WORK TO BE COMPLETED —
Using the line that contains "Crippled Black Phoenix" as the start, restate each line word for word through the final line of the material below, and return only those.
::::::
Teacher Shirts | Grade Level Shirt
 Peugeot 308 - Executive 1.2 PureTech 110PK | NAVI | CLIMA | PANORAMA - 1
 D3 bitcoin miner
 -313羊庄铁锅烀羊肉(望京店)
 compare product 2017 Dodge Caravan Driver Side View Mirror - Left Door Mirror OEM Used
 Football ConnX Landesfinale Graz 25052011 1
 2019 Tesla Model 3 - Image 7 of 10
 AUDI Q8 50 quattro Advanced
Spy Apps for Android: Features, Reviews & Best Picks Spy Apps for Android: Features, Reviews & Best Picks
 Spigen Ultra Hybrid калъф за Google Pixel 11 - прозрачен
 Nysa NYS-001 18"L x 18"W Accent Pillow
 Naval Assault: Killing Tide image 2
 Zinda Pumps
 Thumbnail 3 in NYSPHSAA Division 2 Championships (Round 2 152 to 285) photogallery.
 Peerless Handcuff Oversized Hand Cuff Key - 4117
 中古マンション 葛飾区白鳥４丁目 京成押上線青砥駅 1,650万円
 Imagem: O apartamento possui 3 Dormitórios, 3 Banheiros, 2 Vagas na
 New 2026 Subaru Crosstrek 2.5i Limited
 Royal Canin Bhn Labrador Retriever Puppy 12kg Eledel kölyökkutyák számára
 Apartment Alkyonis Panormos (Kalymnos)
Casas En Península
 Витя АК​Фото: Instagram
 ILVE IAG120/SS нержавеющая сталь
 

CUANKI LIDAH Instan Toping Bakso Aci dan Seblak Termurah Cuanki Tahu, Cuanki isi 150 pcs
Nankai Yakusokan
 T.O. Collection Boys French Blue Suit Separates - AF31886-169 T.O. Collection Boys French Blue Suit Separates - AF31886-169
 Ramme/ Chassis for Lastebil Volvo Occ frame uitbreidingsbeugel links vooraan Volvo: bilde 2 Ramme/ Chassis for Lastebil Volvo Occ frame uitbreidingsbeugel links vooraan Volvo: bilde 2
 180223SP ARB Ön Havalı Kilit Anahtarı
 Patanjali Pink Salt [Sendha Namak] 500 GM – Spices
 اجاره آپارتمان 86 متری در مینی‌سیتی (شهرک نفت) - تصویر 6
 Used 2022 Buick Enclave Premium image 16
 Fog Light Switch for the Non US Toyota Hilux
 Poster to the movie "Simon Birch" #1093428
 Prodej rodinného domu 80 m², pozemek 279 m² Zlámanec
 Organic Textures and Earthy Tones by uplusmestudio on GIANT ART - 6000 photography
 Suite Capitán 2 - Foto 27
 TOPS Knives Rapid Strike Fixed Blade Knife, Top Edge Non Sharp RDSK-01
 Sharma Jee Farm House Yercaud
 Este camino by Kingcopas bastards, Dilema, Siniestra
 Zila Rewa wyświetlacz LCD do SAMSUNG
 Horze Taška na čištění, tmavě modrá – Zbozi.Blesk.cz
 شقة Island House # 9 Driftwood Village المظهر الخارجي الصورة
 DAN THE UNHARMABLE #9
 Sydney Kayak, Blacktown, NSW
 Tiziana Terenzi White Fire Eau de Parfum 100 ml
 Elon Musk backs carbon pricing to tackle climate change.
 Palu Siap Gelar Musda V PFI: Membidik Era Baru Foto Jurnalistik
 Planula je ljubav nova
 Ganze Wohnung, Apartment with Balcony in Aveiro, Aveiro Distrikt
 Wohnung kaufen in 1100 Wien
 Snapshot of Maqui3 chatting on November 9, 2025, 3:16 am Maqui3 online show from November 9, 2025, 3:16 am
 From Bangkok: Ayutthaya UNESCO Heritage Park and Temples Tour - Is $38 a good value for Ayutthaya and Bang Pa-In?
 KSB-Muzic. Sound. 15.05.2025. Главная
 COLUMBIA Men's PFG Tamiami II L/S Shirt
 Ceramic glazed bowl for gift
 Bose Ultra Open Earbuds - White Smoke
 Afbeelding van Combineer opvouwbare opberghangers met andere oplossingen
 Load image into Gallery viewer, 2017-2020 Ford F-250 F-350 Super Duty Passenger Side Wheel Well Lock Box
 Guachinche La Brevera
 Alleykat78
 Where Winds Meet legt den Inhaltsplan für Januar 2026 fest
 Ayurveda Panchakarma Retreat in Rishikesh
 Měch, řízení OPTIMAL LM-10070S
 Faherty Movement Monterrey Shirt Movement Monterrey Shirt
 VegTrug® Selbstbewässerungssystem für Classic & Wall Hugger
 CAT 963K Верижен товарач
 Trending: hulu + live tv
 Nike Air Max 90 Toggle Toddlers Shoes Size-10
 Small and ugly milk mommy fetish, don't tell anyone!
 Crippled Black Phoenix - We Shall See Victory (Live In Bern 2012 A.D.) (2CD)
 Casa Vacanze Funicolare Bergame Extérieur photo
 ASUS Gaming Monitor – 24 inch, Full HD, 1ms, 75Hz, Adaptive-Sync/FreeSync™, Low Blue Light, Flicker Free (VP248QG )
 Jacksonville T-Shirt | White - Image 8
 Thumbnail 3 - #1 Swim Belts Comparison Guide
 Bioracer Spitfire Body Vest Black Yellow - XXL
::::::
PROBLEM SOLUTION —
 Crippled Black Phoenix - We Shall See Victory (Live In Bern 2012 A.D.) (2CD)
 Casa Vacanze Funicolare Bergame Extérieur photo
 ASUS Gaming Monitor – 24 inch, Full HD, 1ms, 75Hz, Adaptive-Sync/FreeSync™, Low Blue Light, Flicker Free (VP248QG )
 Jacksonville T-Shirt | White - Image 8
 Thumbnail 3 - #1 Swim Belts Comparison Guide
 Bioracer Spitfire Body Vest Black Yellow - XXL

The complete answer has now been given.